R – Então, imagina um peixe fora do mar, né? Foi uma coisa muito legal, assim, difícil num primeiro momento, mas depois muito gratificante porque você acaba enxergando um jeito da vida que eu não via antes. Quando cheguei no Exército, me deparei com um monte de gente inexperiente em vida de mato. Apesar de eu ter tido aqui nessa infância também bastante contato com o mato, mas lá era um pouco diferente, peguei muito fazendeiro, muito cara que já tinha… E onde que eu servia era um Exército meio fazenda. Por outro lado, foi muito engraçado porque teve olimpíadas internas do Exército e quando teve a parte de natação, quando eu entrei para fazer natação era até brincadeira, porque eu nadava... Com 18 anos, imagina que eu nadava todos os dias aqui, aí quando a gente foi para a competição lá, ganhei medalha de ouro! Aí, eu comecei um reconhecimento que eu não tinha lá e os caras começaram a ver o meu valor ligado à água, tanto que quando terminou o meu tempo de prestar serviço, pediram para eu continuar, mas eu tava doido para voltar para o mar e acabei voltando para cá.
P/1 – E como é que foi essa volta e voltar para a sua cidade?
R – Aí, voltei com uma visão muito melhor, porque aí eu tive o impacto que eu não tinha antes, de ficar longe do mar, que em momento nenhum eu tinha passado por isso, né? Quando eu voltei para o mar, eu entrei de cabeça para trabalhar como eu trabalho hoje, com embarcações. Aí, comecei a trabalhar como marinheiro, logo depois, eu tive oportunidade de trabalhar em um barco grande, barco de 41 pés, que na década de [19]84, 85 era barco grande para o Brasil e aí, eu fui para a Europa, trabalhar na Europa num barco de 59 pés. Logo depois, em 87, 88, eu já tava lá e isso foi agregando conhecimento, acabei conhecendo praticamente o mediterrâneo da costa da França, Espanha, Itália todo e isso quando voltei para o Brasil em 90, eu já voltei com uma visão de fazer com que eu montasse o meu próprio negócio. Dali em diante, comecei a trabalhar com energia solar, comecei a trabalhar com tudo que era ligado ao barco, eu comecei a fazer, mais na área de vela, nunca na área de lancha. Com o tempo que eu comecei a passar para a lancha.

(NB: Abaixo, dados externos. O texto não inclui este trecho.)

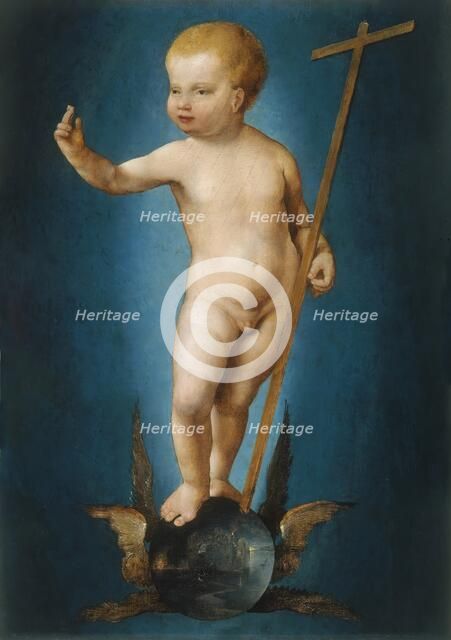 The Infant Christ on the Orb of the World, 1530. Creator: Joos van Cleve.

P/1 – Então vamos falar da vela, né, o quê que faz o marinheiro?
R – O marinheiro, hoje, é responsável pelo barco aqui enquanto o dono do barco tá em São Paulo, ele cuida de toda parte de manutenção do barco, deixa o barco preparado para quando o proprietário do barco chegue, o barco esteja em condições de navegação. Quando o proprietário do barco chega e tem condições de navegação, ele tem que saber a navegação, então, ele tem que ser tanto organizado para deixar o barco preparado para isso e depois, quando chega o proprietário, o barco está pronto… O marinheiro está pronto para conduzir o barco, então ele tem que ter algumas carteiras de mestre, ter conhecimento elétrico, eletrônico, motor, quer dizer, o marinheiro faz, basicamente, a navegação e o cuidado com o barco.
P/1 – E como foi esse convite para uma viagem maior e cruzar o Atlântico num barco?

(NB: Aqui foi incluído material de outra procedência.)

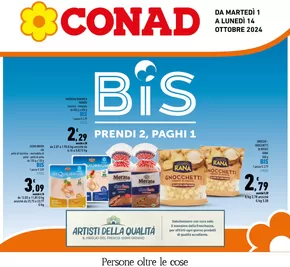 Volantino Conad a Ledro | Bis prendi 2, paghi 1 | 1/10/2024 - 14/10/2024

R – Isso daí aconteceu um pouco mais adiante, tá? Não foi nessa mesma época, foi em 2000, quando a gente foi lá pegar um barco e atravessar o Atlântico. Foi engraçado, porque ninguém tinha experiência de atravessar o Atlântico, quem tinha mais experiência em embarcação era eu, tanto que fui contratado, mas eu também nunca tinha atravessado o Atlântico, já tinha navegado na Europa, já tinha bastante tempo de milha. E foi um desafio muito legal, porque eram dois presidentes de bancos que também nunca tinham feito isso, tinha o irmão dele também que não tinha também muita experiência e um marinheiro que recém tinha começado ao mundo náutico. Eu achei muito legal porque foi um desafio para todo mundo, desde o aprendizado de quem nunca tinha atravessado e não tinha experiência nenhuma de náutica. Quanto a minha, que eu tinha experiência náutica, mas também nunca tinha atravessado, então foi um aprendizado muito legal, a gente fez isso em 30 dias, sendo 20 dias só de céu e mar e isso também foi bem legal, foi um negócio muito legal por exatamente ninguém ter feito isso antes, então foi um negócio bem interessante.
P/1 – E conta pra gente qual é a sensação dessa travessia, desses tantos dias?

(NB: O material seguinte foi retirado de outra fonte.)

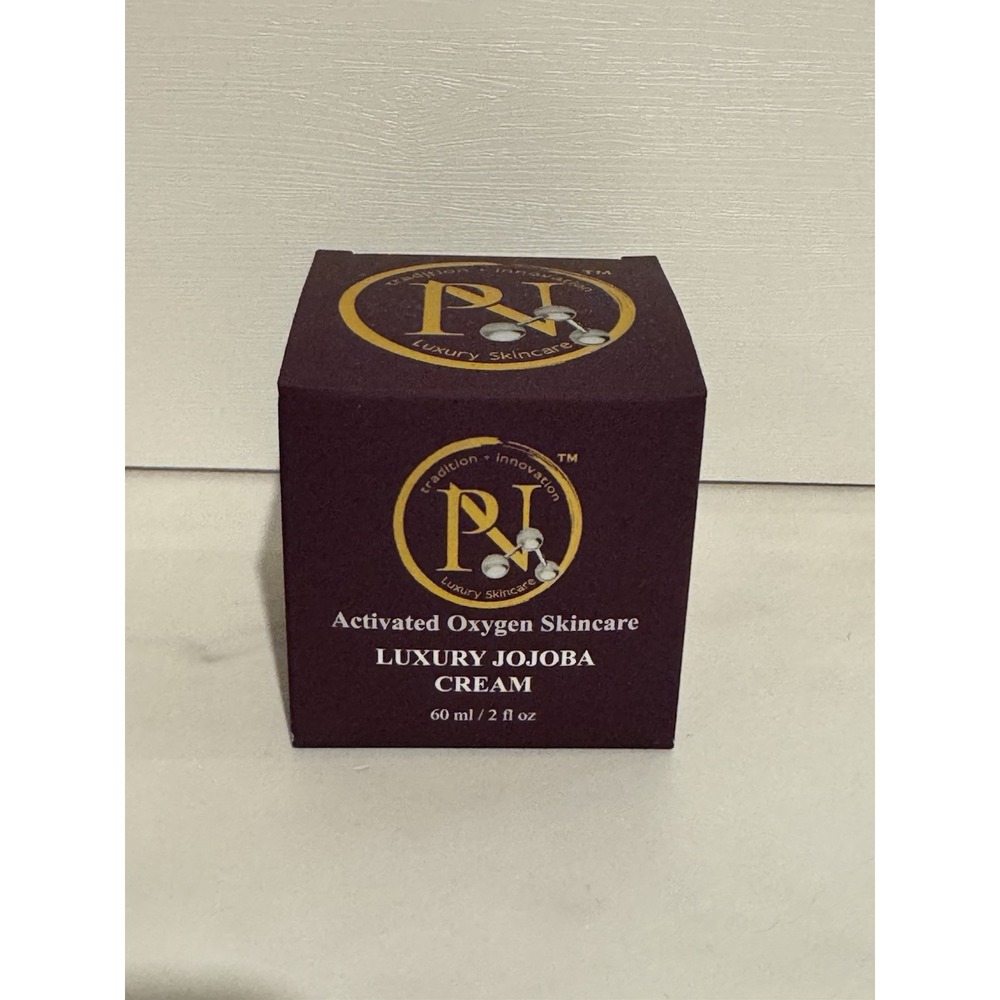 PN Luxury Activated Oxygen Skincare Luxury Jojoba Cream 2 oz NEW with Bag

R – A sensação é a seguinte, após o segundo dia que você tá no mar, você se desliga completamente do mundo, você sai fora de você e você vive um mundo que é aquele dali, só quatro pessoas em um barco, que você não tem contato com mais nada, com terra. Então, eu acho muito interessante o convívio entre a gente e foi super legal, tanto que somos amigos até hoje, todos nós.
P/1 – E tempo ruim?
R – Pegamos na costa da África três dias de mar de onda de cinco, seis metros e vento de 35 a 40 nós. E a gente ficou três dias e meio sem comer nenhum alimento quente, porque não dava para fazer. Foi muito legal que nessa mesma época, o Amyr Klink tava indo com o barco dele, com um amigo meu inclusive no barco e a gente trocava informação o tempo todo. O Amyr, naquela época, falou que nuca tinha pego um mar daquele e ele tava com o Paratii, que é aquele barco grande que você conhece, ele foi lá para colocar o mastro na Espanha, na época que tava pronto o barco e pegaram exatamente esse mesmo tempo que a gente pegou.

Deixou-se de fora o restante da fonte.